I want to share this as an honest account rather than a promotional post because I was genuinely skeptical going into this migration and I think the skepticism was reasonable given how dominated the conversation around AI inference hardware has been by Nvidia for the past few years.
We run a modest but growing machine learning inference setup for a B2B SaaS product that does document classification and entity extraction for enterprise clients. For the first two years we were running everything on x86 based instances and the performance was acceptable but the power consumption and associated costs were becoming harder to justify as we scaled.
About four months ago we decided to test migrating a portion of our inference workload onto Ampere Altra based instances after a colleague at another company mentioned the performance per watt difference was significant enough to meaningfully affect their infrastructure budget.

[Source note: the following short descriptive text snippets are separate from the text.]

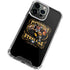 Liquid Blue NFL Pittsburgh Steelers Running Back iPhone 14 Pro Clear Case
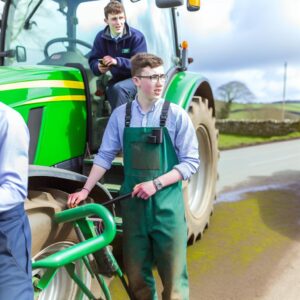 Förderung: 3.000£ für junge Neueinsteiger in die Landwirtschaft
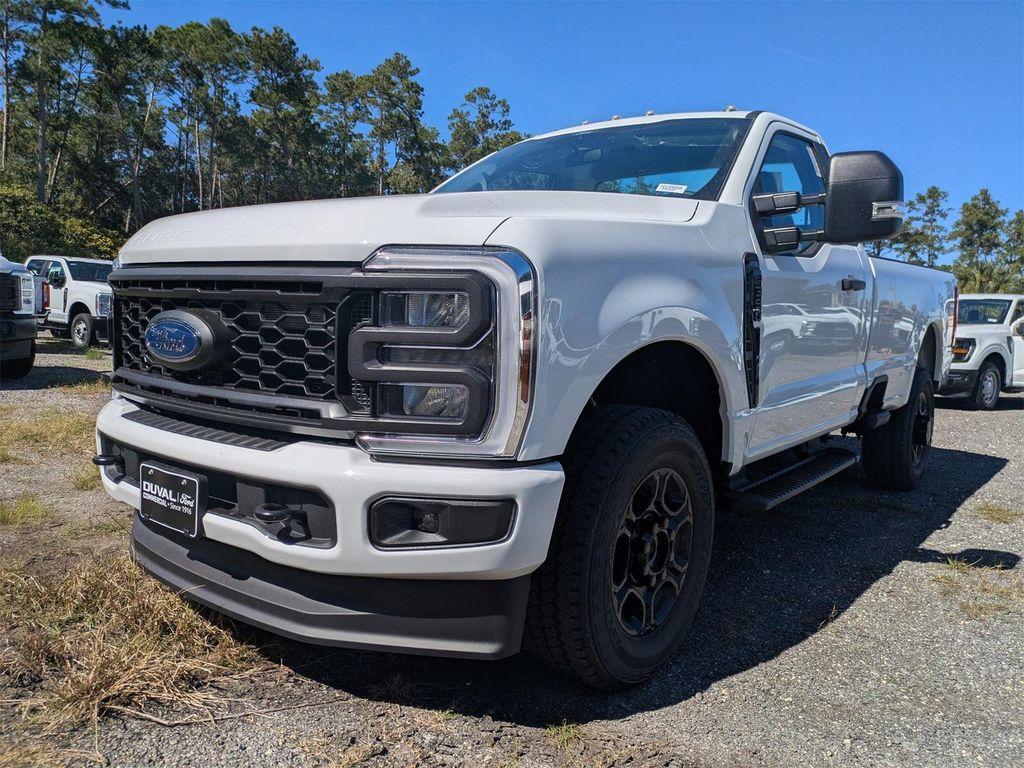 new 2026 Ford F-350 car, priced at $58,085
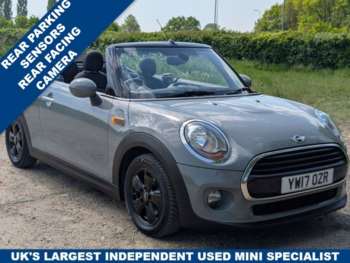 2017 (17) - 1.5 Cooper Convertible 2dr Petrol Auto Euro 6 (s/s) (136 ps)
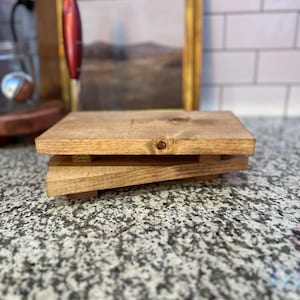 Wood Riser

The migration itself was less painful than I expected. Most of our PyTorch based inference code ran without modification and the ARM compatibility concerns I had going in turned out to be largely a non issue for our specific stack. The container images needed rebuilding for ARM64 which took a day of work but nothing beyond that was a serious obstacle.

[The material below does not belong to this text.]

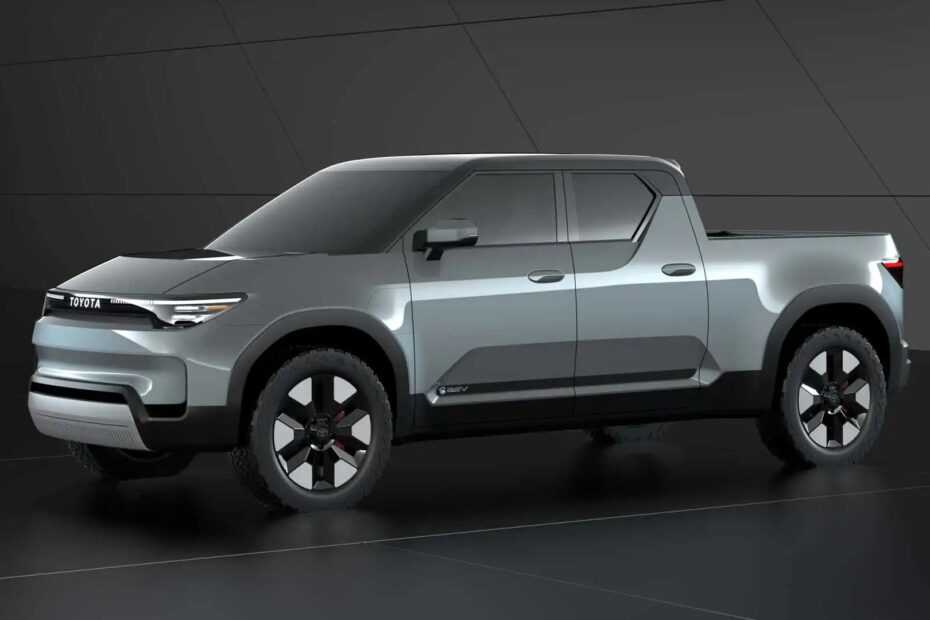 Toyota EPU Concept.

Where things got interesting was in the actual power consumption metrics after running both environments in parallel for six weeks. The efficiency difference was meaningful enough that we are now actively planning to migrate the remaining workload over the next quarter.
The one area where I have questions for the community is around memory bandwidth utilization specifically. Our models are not particularly large but they are memory access heavy by nature and I want to make sure we are configuring the instances correctly to take full advantage of what the platform offers rather than leaving performance on the table.
Has anyone done detailed memory bandwidth optimization work on Ampere Altra instances for inference workloads and found configuration changes that made a measurable difference? Also been looking at on premise Ampere based hardware options on platforms like Ebay, Amazona and Etech Devices for a potential hybrid setup down the road.